→ Instructions for the task
Leave the pictures out and repeat the rest of the data below exactly.

→ The input

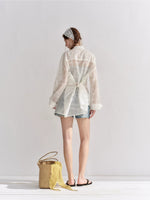 Embroidered Eyelet Cover-Up Shirt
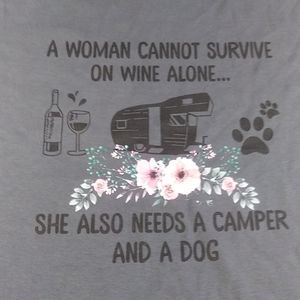 Woman Can't Survive on Wine Alone Tee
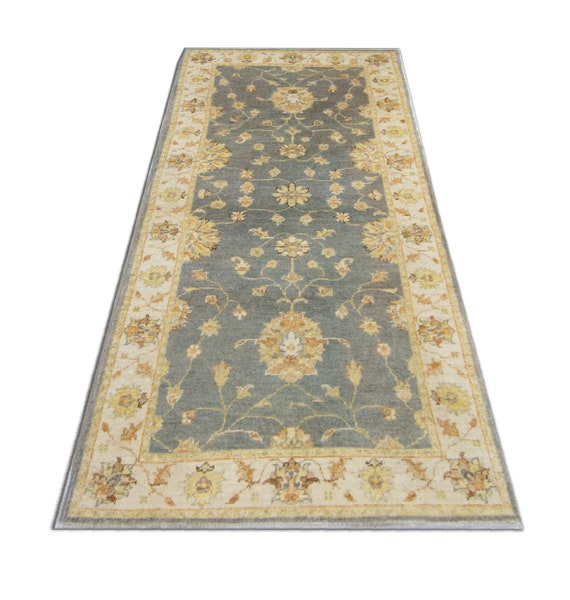 Handmade Carpet Runner Light Blue Area Rug Traditional Knitted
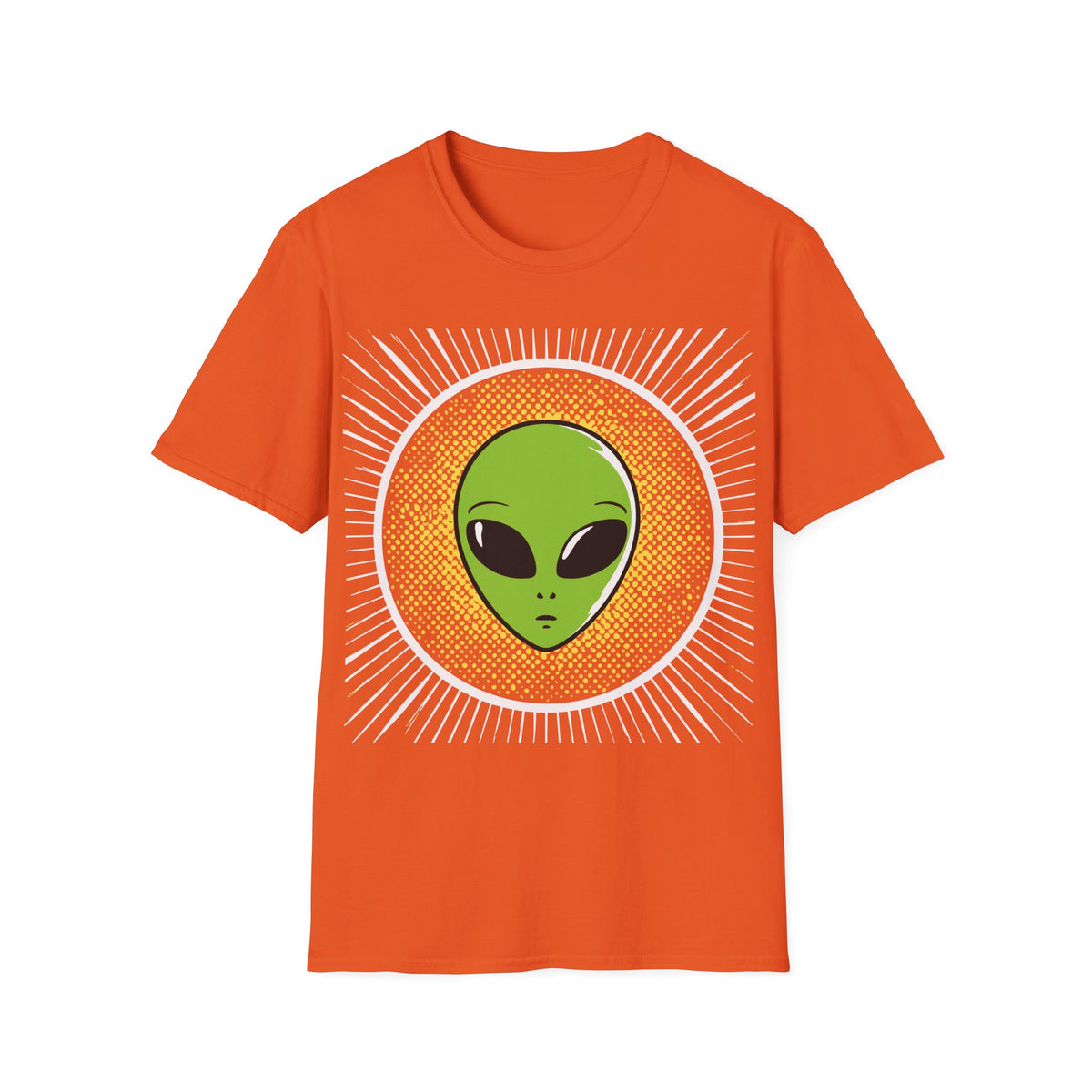 Retro Alien t-shirt design, featuring a bright green alien head with oversized black eyes surrounded by yellow halftone dots and radiating white lines in a bold vintage pop art style on an orange background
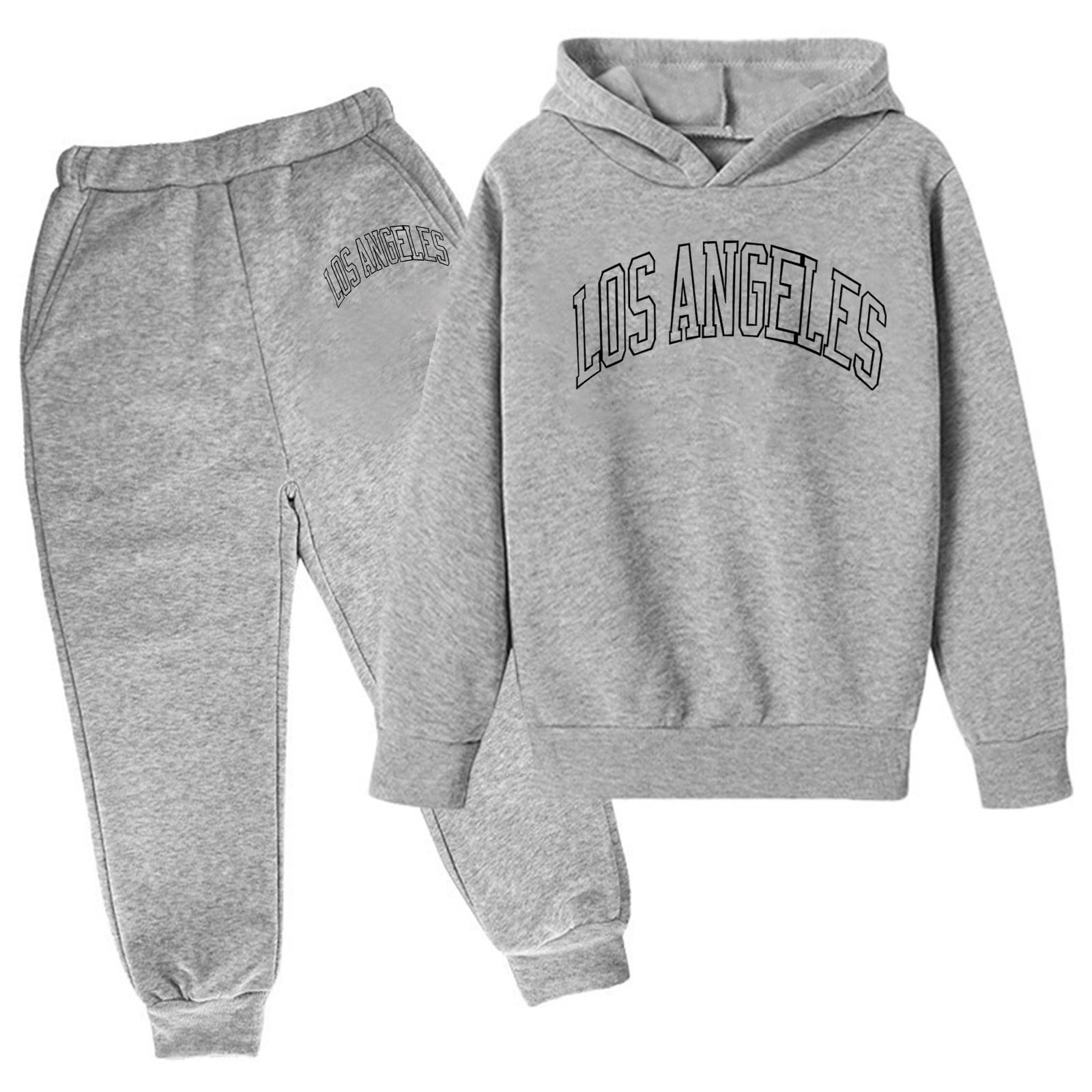 LUOGENLI Baby Boy Outfits 3-6 Months Organic Cotton Autumn and Winter Children's Hoodie Pullover Set Popular Printed Hoodie Set on Underwear Casual Letter Printed Long Sleeve Grey 11-12 Years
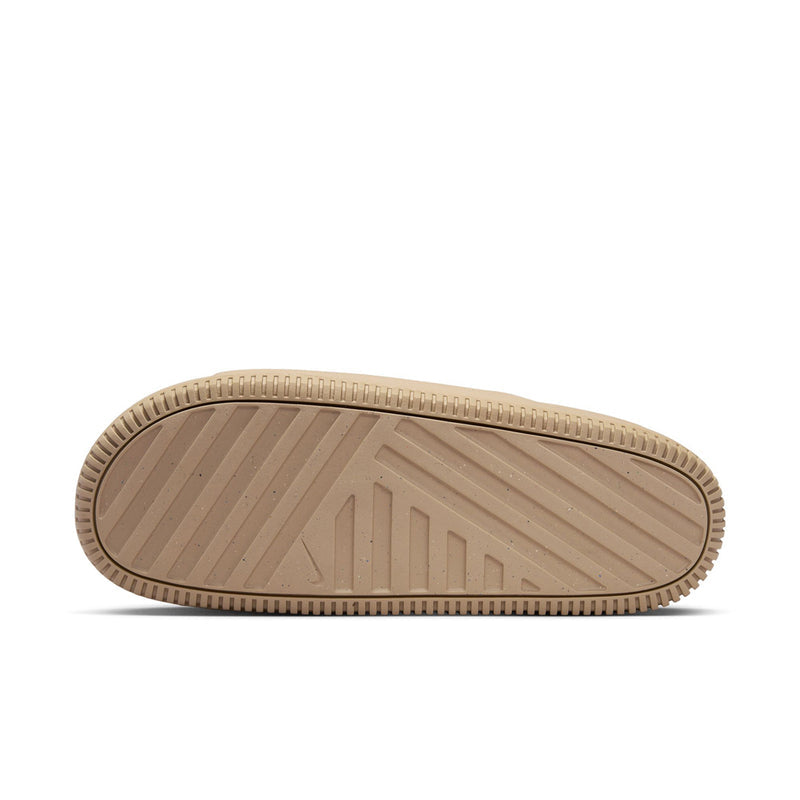 Khaki slide sandal outsole with textured tread for traction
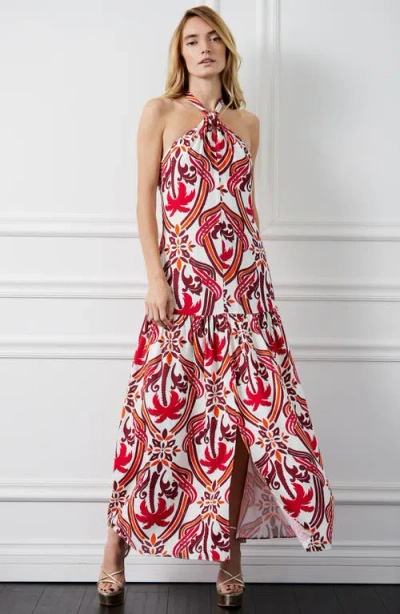Ciebon Jordie Print Halter Maxi Dress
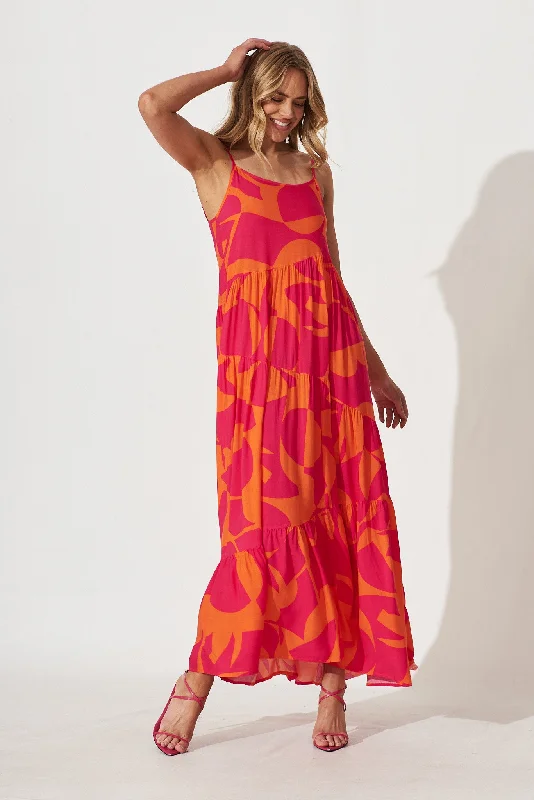 Matilda Maxi Sundress In Tangerine With Pink Print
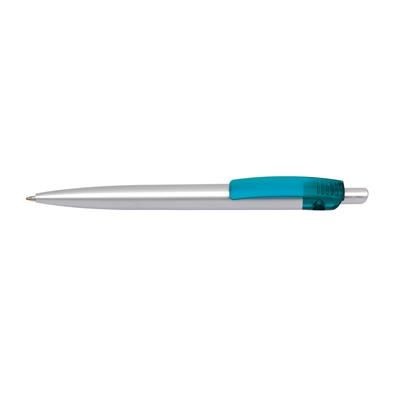 Branded Promotional ART LINE PLASTIC BALL PEN in Silver with Petrol Trim Pen From Concept Incentives.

→ Response for this exercise
 Embroidered Eyelet Cover-Up Shirt
 Woman Can't Survive on Wine Alone Tee
 Handmade Carpet Runner Light Blue Area Rug Traditional Knitted
 Retro Alien t-shirt design, featuring a bright green alien head with oversized black eyes surrounded by yellow halftone dots and radiating white lines in a bold vintage pop art style on an orange background
 LUOGENLI Baby Boy Outfits 3-6 Months Organic Cotton Autumn and Winter Children's Hoodie Pullover Set Popular Printed Hoodie Set on Underwear Casual Letter Printed Long Sleeve Grey 11-12 Years
 Khaki slide sandal outsole with textured tread for traction
Ciebon Jordie Print Halter Maxi Dress
 Matilda Maxi Sundress In Tangerine With Pink Print
 Branded Promotional ART LINE PLASTIC BALL PEN in Silver with Petrol Trim Pen From Concept Incentives.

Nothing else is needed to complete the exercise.